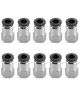 Picture of QWORK 10 Pack Pneumatic Push to Connect Air Fittings, 1/4" Tube OD x 1/8" NPT Female, Push in Connectors Air Line Quick Connect Fitting Air Hose Fittings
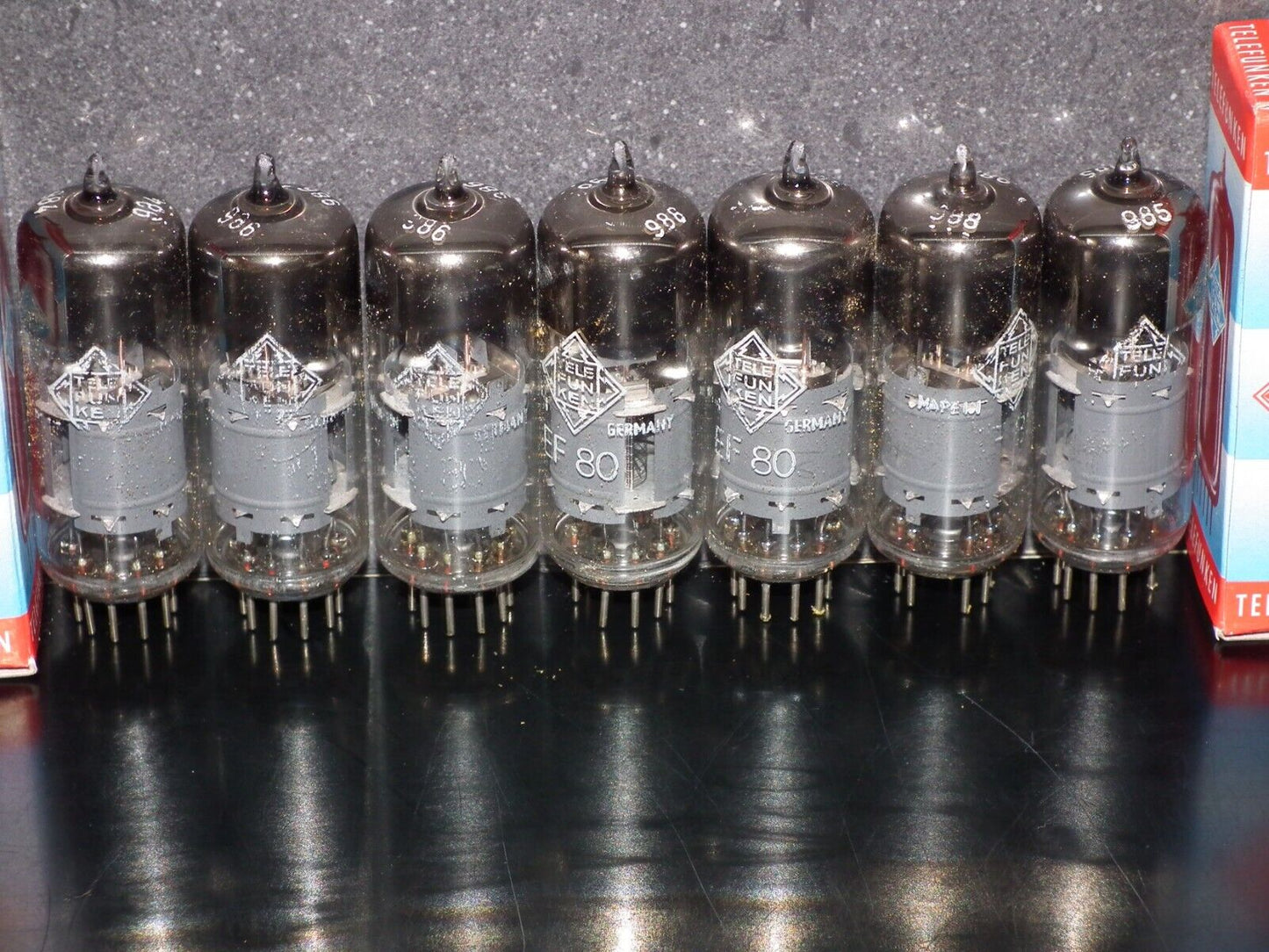 NOS EF80 Telefunken Diamond Bottom Made in West Germany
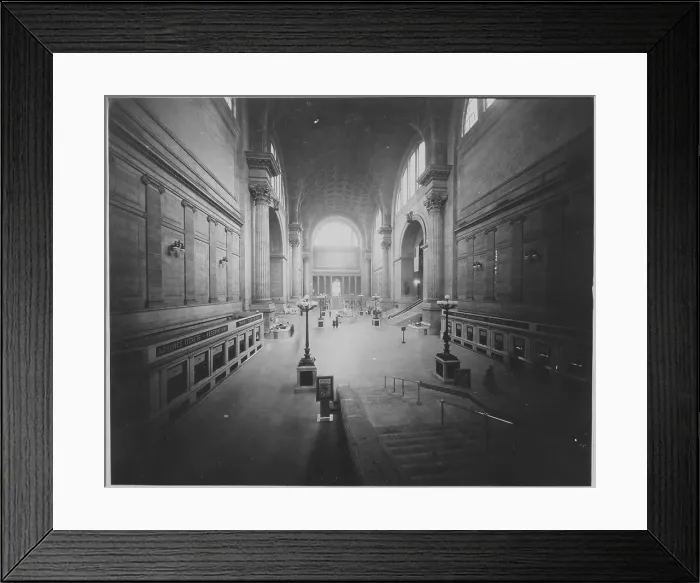 Framed Print : Interior of Pennsylvania Station Framed Print : Interior of Pennsylvania Station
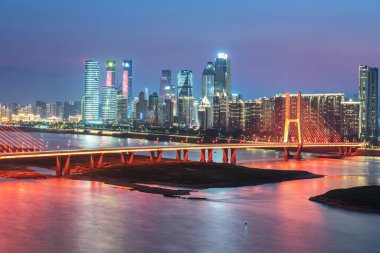 Nanchang, Jiangxi nehri manzaralı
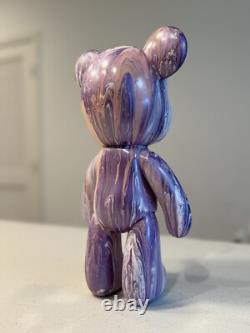 Handmade Fluid Art Bear Figurine, Home Decor or Gift, 13 in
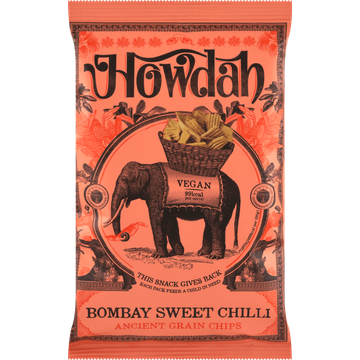 Howdah Bombay Sweet Chilli Ancient Grain Chips 130 g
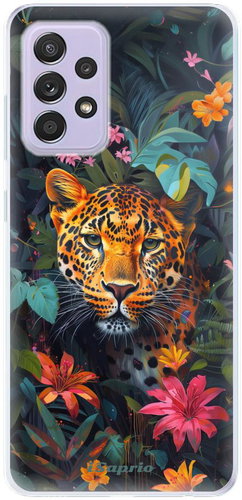 iSaprio Flower Jaguar - Samsung Galaxy A52 - Phone Cover - Main image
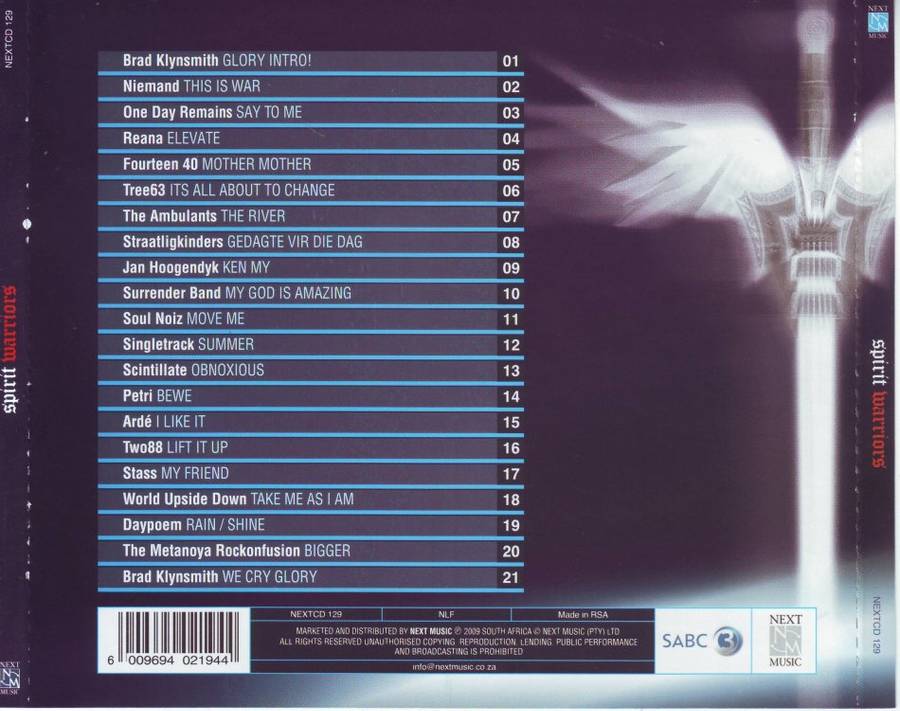 SPIRIT WARRIORS -  21 original christian rock anthems (CD) NEXTCD 129 (FREE BULK SHIPPING)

======

Task to carry out
Only the lines from the one that holds "Framed Print : Interior of Pennsylvania Station Framed" through the final line of the material should be reproduced, word for word, with the pictures omitted.

Task response
 Framed Print : Interior of Pennsylvania Station Framed Print : Interior of Pennsylvania Station
 Nanchang, Jiangxi nehri manzaralı
 Handmade Fluid Art Bear Figurine, Home Decor or Gift, 13 in
 Howdah Bombay Sweet Chilli Ancient Grain Chips 130 g
 iSaprio Flower Jaguar - Samsung Galaxy A52 - Phone Cover - Main image
 SPIRIT WARRIORS -  21 original christian rock anthems (CD) NEXTCD 129 (FREE BULK SHIPPING)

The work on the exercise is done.